It may shock some to hear marriage referred to as being contractual, but indeed it is. For roughly the first thousand years of the church's history, there was no specific Christian rite of marriage. Christians contracted marriage according to the civil and family ceremonies of the times. Marriage was seen culturally as a contract between two families. As part of the contract, the bride left her family and joined the groom's family. Attitudes toward marriage have changed over the centuries. The personal love between a man and a woman came to be recognized as the primary motivation for marriage, replacing contractual arrangements between families. And since love can wane, we are presented with a question. Is marriage still permanent?

There are over six million divorced Catholics in the United States. A number of those persons feel alienated from the Church. Should they remarry outside the Church, these Catholics will be impeded from the solace and strength of the sacraments. The annulment procedure is an attempt to bring justice and compassion to many divorced and separated Catholics whose marriage actually was one in appearance only.

Much misunderstanding on the procedure is due partly to the word annulment. The precise term is declaration of nullity. This declaration is a judgement by the Church that what seemed to be a marriage never was in fact a true marriage. A declaration of nullity is granted when it can be shown that some essential or juridical defect made a particular marriage invalid from the beginning despite outward appearance, despite even the good faith of the partners or the establishment of a family.

Marriage is effected by consent, freely and knowingly saying "yes" to all that marriage involves; therefore, in considering a particular marriage, this "yes" is the key issue. When a couple said their vows, did both partners freely accept and clearly understand the lifelong commitment they were making? Did both partners, at that time, have the personal capacity to carry out consent, to form a community of life with the chosen partner?

While carefully protecting Jesus' teaching of the sacredness of marriage, the Church also is obliged to provide justice for anyone whose marriage has failed when it can be shown with moral certainty that the marriage lacked from its onset some essential element for a true sacramental bond. The indissolubility of sacramental marriage remains a central Catholic teaching. Popes Paul VI and John Paul II strongly reaffirmed the uncompromising doctrine that a consummated, sacramental marriage bond is lifelong and cannot be broken by civil or ecclesiastical authority.

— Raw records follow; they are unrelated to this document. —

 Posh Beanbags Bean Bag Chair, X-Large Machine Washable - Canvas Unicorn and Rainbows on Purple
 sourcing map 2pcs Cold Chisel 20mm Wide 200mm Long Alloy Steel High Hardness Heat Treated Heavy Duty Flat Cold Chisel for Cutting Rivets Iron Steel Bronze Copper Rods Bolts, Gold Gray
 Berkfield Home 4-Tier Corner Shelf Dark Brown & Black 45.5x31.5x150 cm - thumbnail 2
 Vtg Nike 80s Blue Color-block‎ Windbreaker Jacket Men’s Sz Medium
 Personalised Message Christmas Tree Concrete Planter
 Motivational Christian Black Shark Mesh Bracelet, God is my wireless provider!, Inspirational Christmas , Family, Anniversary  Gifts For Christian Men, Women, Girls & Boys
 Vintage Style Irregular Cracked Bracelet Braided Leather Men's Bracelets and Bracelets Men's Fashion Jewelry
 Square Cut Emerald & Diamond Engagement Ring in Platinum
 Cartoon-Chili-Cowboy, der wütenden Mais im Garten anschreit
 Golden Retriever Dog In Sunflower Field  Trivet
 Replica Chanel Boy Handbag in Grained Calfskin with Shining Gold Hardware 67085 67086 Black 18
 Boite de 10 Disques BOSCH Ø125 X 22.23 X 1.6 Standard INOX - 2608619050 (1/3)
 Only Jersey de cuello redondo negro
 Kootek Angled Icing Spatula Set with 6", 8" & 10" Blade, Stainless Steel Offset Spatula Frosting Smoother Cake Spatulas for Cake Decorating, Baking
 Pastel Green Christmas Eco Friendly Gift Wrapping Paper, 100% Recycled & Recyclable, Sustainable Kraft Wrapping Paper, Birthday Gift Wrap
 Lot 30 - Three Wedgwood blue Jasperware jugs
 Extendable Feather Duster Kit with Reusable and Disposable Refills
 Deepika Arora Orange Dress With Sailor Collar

The marriage tribunals of the Catholic Church do not seek to assign blame for marital breakups. They seek only to understand a failed marriage and determine whether either or both partners lacked proper consent or the ability to carry out consent. Church law affirms the personal relationship, the intimate partnership between the spouses, as a crucial, basic dimension of marriage. While conjugal union is expressed most specifically and intimately in sexual relations, it also extends to the couple's total life together, to physical, emotional, intellectual and spiritual community. In short, marriage is a union of persons, not simply a union of bodies. The purpose of marriage is to give life, but equally, to share it.